____ RECORD EXCERPTS

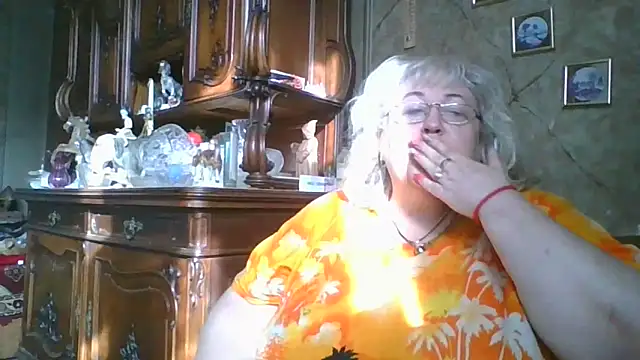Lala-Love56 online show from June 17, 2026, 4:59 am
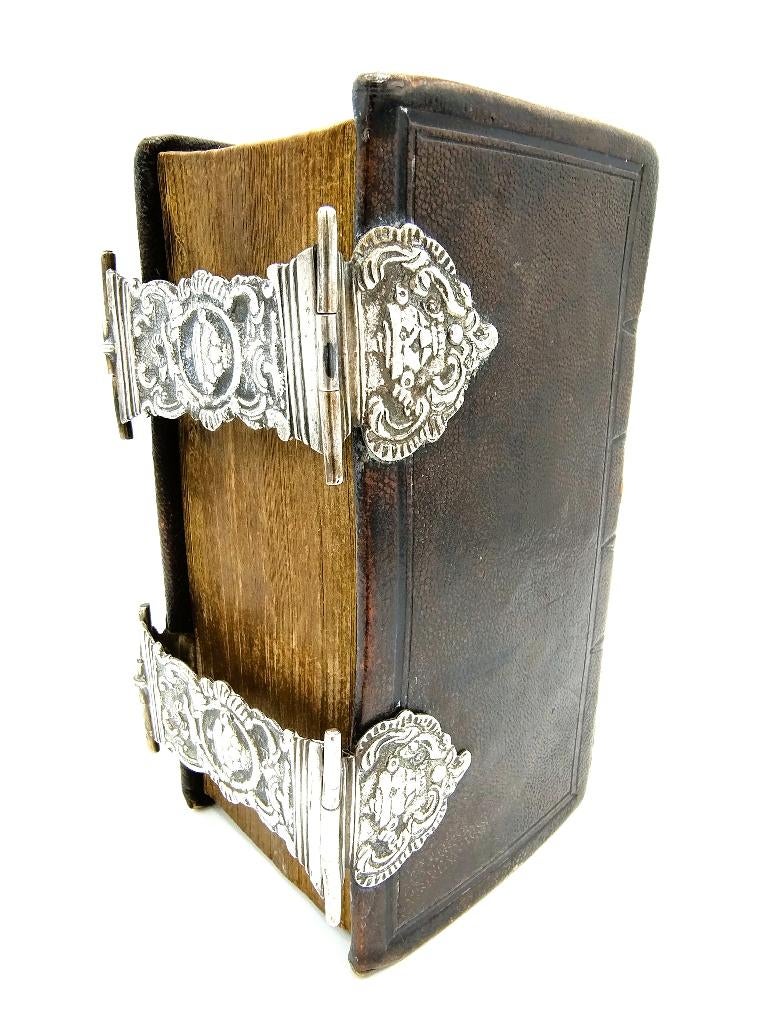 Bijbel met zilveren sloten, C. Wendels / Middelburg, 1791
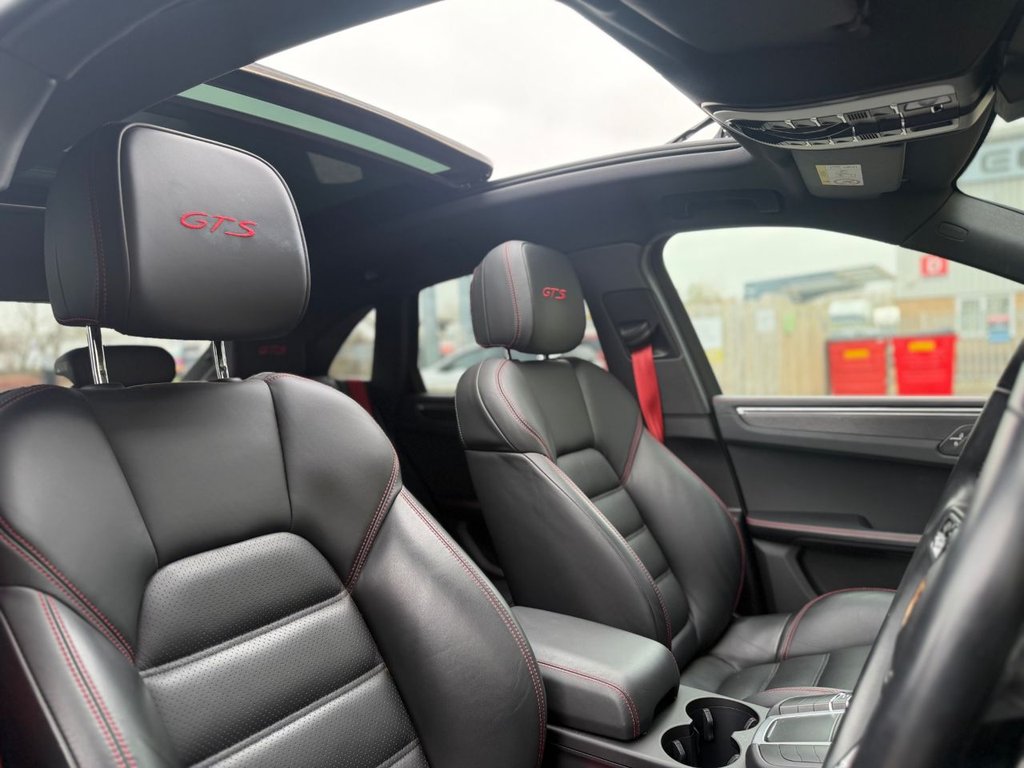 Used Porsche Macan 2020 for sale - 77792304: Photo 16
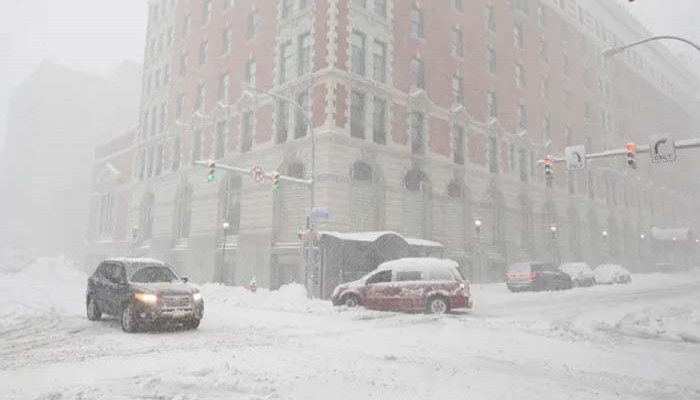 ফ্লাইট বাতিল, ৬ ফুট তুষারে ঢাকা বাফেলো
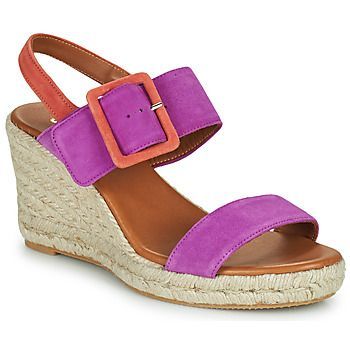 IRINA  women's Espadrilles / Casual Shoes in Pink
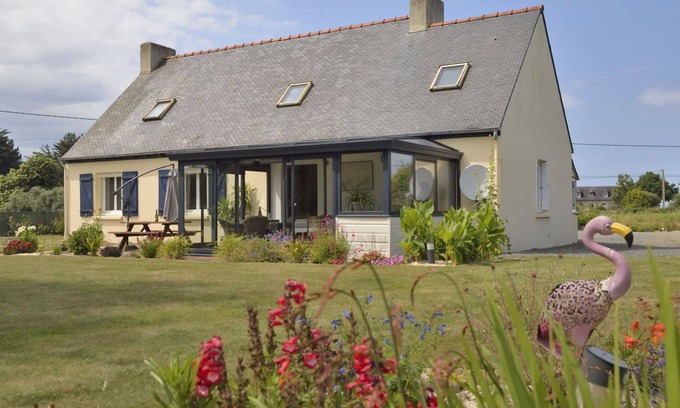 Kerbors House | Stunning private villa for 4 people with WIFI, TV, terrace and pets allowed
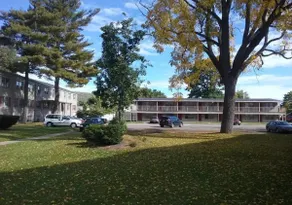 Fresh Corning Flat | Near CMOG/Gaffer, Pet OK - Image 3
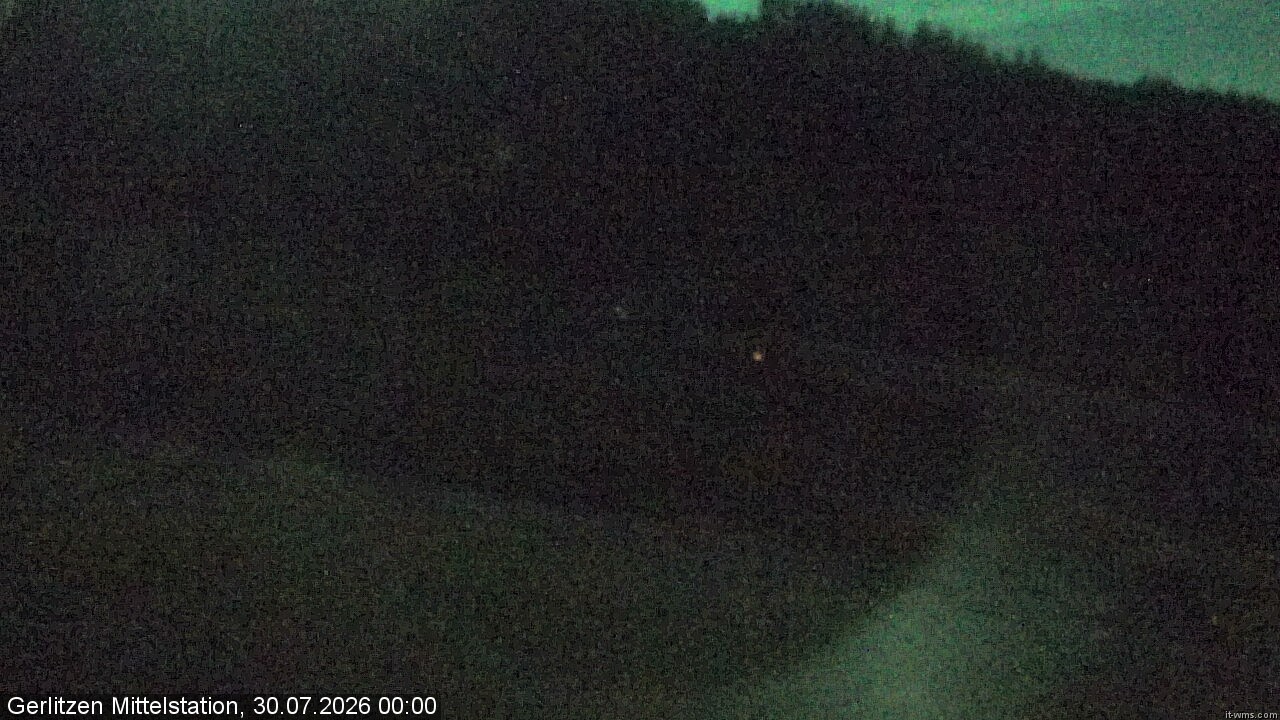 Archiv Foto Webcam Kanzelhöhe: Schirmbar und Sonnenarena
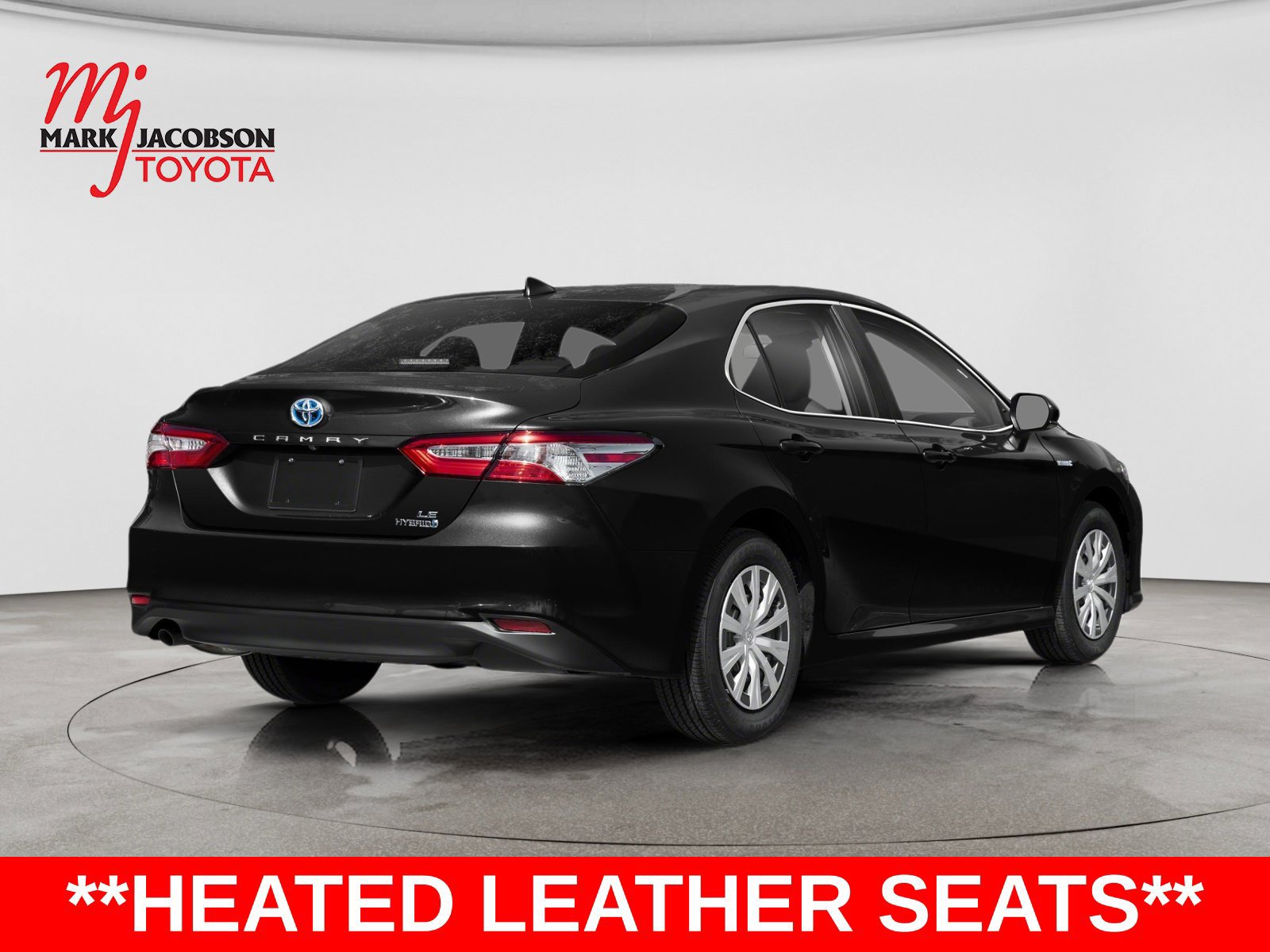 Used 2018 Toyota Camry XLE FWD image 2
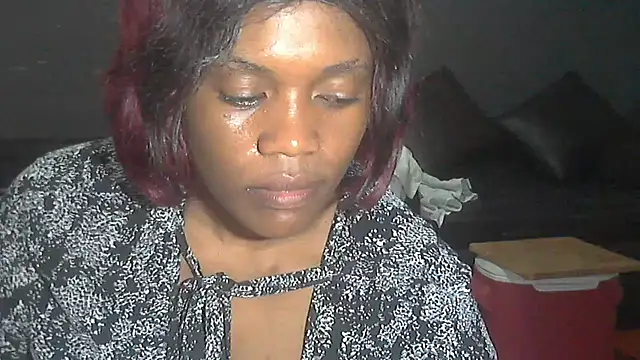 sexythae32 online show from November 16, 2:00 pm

________

#### [REQUIRED WORK]
An exact copy of the records above is wanted, with the pictures omitted.

#### [ANSWER BELOW]
Lala-Love56 online show from June 17, 2026, 4:59 am
 Bijbel met zilveren sloten, C. Wendels / Middelburg, 1791
 Used Porsche Macan 2020 for sale - 77792304: Photo 16
 ফ্লাইট বাতিল, ৬ ফুট তুষারে ঢাকা বাফেলো
 IRINA  women's Espadrilles / Casual Shoes in Pink
 Kerbors House | Stunning private villa for 4 people with WIFI, TV, terrace and pets allowed
 Fresh Corning Flat | Near CMOG/Gaffer, Pet OK - Image 3
 Archiv Foto Webcam Kanzelhöhe: Schirmbar und Sonnenarena
 Used 2018 Toyota Camry XLE FWD image 2
 sexythae32 online show from November 16, 2:00 pm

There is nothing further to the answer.